During Burris' tenure as editorial director, political cartoonist Rob Rogers was fired over a string of cartoons critical of President Trump, and the paper’s editorial section has shifted politically to the right.
Burris will replace David Shribman, a Pulitzer-prize winning journalist who was the newspaper’s top editor for 16 years, before retiring unexpectedly in December. It was widely known among newsroom staff that Shribman was planning to retire in the late summer of 2019.
Publisher J.R. Block made national headlines last week when he shocked his staff for a newsroom “tantrum” over a union poster that condemned the Block family’s behavior amidst stalled contract negotiations.
“[Block] talked about – almost bragging – how he fired David Shribman and how he wanted to get every trace of David Shribman out of there,” said Post-Gazette reporter Andrew Goldstein, describing the episode to WESA last week.
According to the Guild, Burris accompanied Block when he returned to the newsroom after the Saturday night episode.
Michael Fuoco, a reporter and president of the Newspaper Guild of Pittsburgh, said, "[The Guild has] no comment on Burris' appointment, however you have our previous reaction to his racist editorial and the firing of Rob Rogers."
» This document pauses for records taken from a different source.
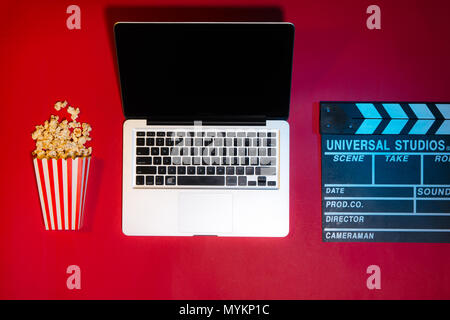 Laptop, Kreditkarte, Klappe, Popcorn. Filme und Kino Konzept Stockfoto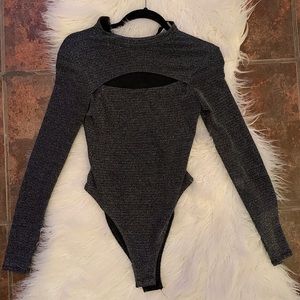 Grey sparkly long sleeve body suit.
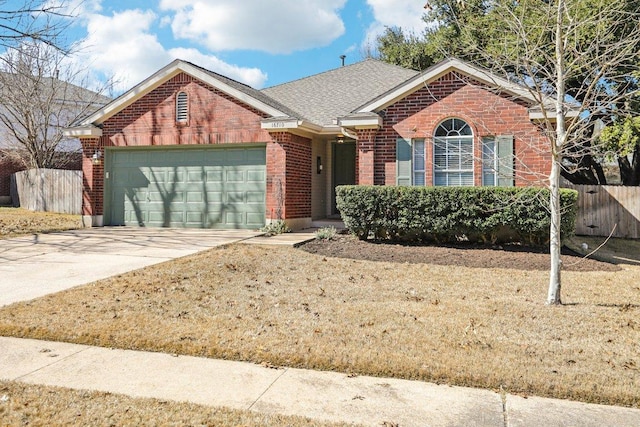 16710 Sabertooth Dr, Round Rock, TX 78681 - ranch-style house with brick siding, an attached garage, concrete driveway, and roof with shingles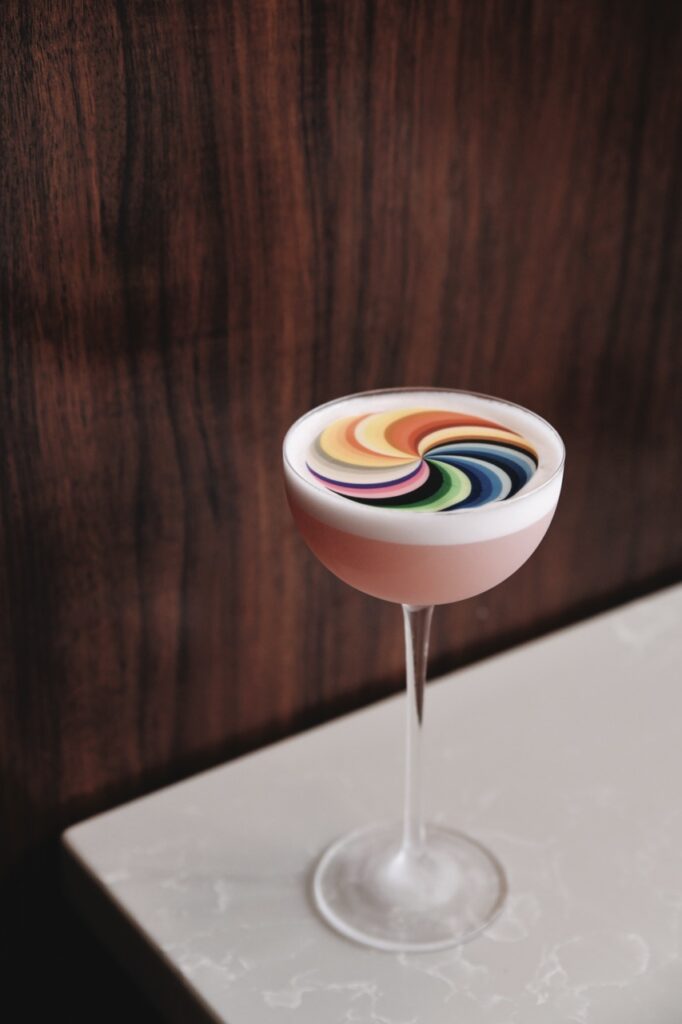 Cocktail glass with a rainbow swirl on top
The Guild called that editorial "a blight on the 231 years of service the Post-Gazette has provided its readers."
When it came to Rogers, the Guild wrote: "It appears Rob’s only transgression was doing his job—providing satirical comment based on his political views of the world. There never was a problem before but with the new order of the Post-Gazette editorial pages, it seems that those who do not follow the pro-Trump, pro-conservative orthodoxy of the publisher and editorial director are of no use."
This story was updated on 2/18/19 at 7:18 p.m. to include comments from the Newspaper Guild of Pittsburgh.